Philippe Laprise et Pierre Hébert succédaient à François Morency pour l’animation du 20e gala Les Olivier, dimanche soir.

Des Olivier très ordinaires

CHRONIQUE / La qualité des derniers Galas Les Olivier m’a rendu exigeant. Quand la barre est mise haut, on s’attend à rien de moins l’année d’après. Et malgré quelques bons moments, j’avoue m’être ennuyé de François Morency dimanche soir lors de ce 20e gala, qui a décerné l’Olivier de l’année et celui du spectacle de l’année à François Bellefeuille.

Pourtant, j’aime Pierre Hébert et Philippe Laprise, duo sans prétention et généralement drôle. Après un montage de moments des 19 précédents galas, les deux amis ont ouvert la soirée avec une explosion de confettis. Ce à quoi le barbu des Denis Drolet a répliqué que si son propre duo avait animé la soirée, «ça aurait été des clous, pis tout le monde serait mort! J’vous haïs toutes!» Hébert et Laprise ont gardé le gag le plus drôle pour Maxim Martin. À l’humoriste qui a découvert qu’il était le père d’un garçon, le duo a dit avoir retrouvé tous ses enfants inconnus, ceux-ci portant des t-shirts avec les inscriptions «Amos», «Coaticook», «Val-d’Or», «Amos en supplémentaire», «Rivière-­au-Renard» et... «Dans un char».

François Bellefeuille avait aussi reçu le trophée de la mise en scène hors d’ondes, pour son spectacle Le plus fort au monde. Quant à Maude Landry, que j’adorais à Info, sexe et mensonges, elle a réussi un doublé avec les Olivier de la découverte et de la capsule ou sketch radio. Martin Petit, dont la comédie Les pêcheurs a enfin été récompensée, a décoché cette flèche à Martin Matte, dont Les beaux malaises a souvent tout raflé : «Merci d’avoir arrêté ton osti d’show. T’as gagné plus de trophées que t’as écrit d’épisodes.» Like-moi! est repartie avec l’Olivier de la comédie de l’année. Un trophée que Les Grandes Crues auraient plutôt voulu remettre à La vraie nature — «avec Mathieu Baron qui se retient de pleurer en râpant du cheddar doux, tout en remerciant la vie de lui avoir donné une chance après le Loft» —, ou encore aux gars de XOXO— «y sont comme les chocolats de Pâques; y’ont comme de quoi de louche dans le regard, pis sont vides en dedans».
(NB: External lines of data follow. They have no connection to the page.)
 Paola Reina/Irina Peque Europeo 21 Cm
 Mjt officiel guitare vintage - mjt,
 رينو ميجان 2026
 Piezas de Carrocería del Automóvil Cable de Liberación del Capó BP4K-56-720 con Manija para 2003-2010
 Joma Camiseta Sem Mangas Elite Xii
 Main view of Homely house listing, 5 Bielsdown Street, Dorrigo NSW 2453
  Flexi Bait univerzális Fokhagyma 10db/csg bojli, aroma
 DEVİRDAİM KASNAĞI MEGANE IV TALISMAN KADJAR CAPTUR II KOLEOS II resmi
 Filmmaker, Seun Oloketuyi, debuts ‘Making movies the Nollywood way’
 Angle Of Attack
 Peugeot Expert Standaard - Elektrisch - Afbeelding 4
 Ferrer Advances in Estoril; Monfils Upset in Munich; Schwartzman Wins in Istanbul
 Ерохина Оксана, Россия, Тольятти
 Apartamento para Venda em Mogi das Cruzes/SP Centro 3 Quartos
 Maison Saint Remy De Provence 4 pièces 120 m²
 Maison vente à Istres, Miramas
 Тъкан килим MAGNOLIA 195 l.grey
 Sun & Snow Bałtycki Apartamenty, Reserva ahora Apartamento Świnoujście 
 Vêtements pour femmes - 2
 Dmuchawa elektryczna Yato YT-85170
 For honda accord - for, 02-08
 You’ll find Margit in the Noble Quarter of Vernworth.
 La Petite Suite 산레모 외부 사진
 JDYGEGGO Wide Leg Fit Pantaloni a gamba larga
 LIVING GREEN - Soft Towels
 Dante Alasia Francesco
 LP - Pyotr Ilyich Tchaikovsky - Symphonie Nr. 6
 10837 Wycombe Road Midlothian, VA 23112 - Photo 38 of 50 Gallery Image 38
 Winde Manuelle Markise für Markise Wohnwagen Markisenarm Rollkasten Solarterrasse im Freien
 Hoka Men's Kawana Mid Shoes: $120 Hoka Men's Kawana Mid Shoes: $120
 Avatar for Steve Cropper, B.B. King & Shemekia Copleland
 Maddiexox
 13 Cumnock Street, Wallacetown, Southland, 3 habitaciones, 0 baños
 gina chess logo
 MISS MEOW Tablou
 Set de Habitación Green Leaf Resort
Simon Gouache a fait semblant de remplacer Korine Côté, censée accoucher, avant que celle-ci surgisse sur scène. «Ça, c’est une douleur que tu connaîtras jamais Korine!» lui a dit l’humoriste, excédé de rester dans l’ombre. C’était sans savoir qu’il allait prendre sa revanche plus tard en remportant l’Olivier du numéro humoristique. 

Sans surprise, L’âge adulte a décroché l’Olivier de la série web humoristique. «Faites du web, croyez en vos rêves», a lancé Guillaume Lambert, qui accumule les honneurs avec ce bijou de série. «Moi, chu drôle en tab...», a affirmé Mike Ward à ceux qui répètent que les humoristes sont plates en dehors de la scène, récompensé pour son podcast.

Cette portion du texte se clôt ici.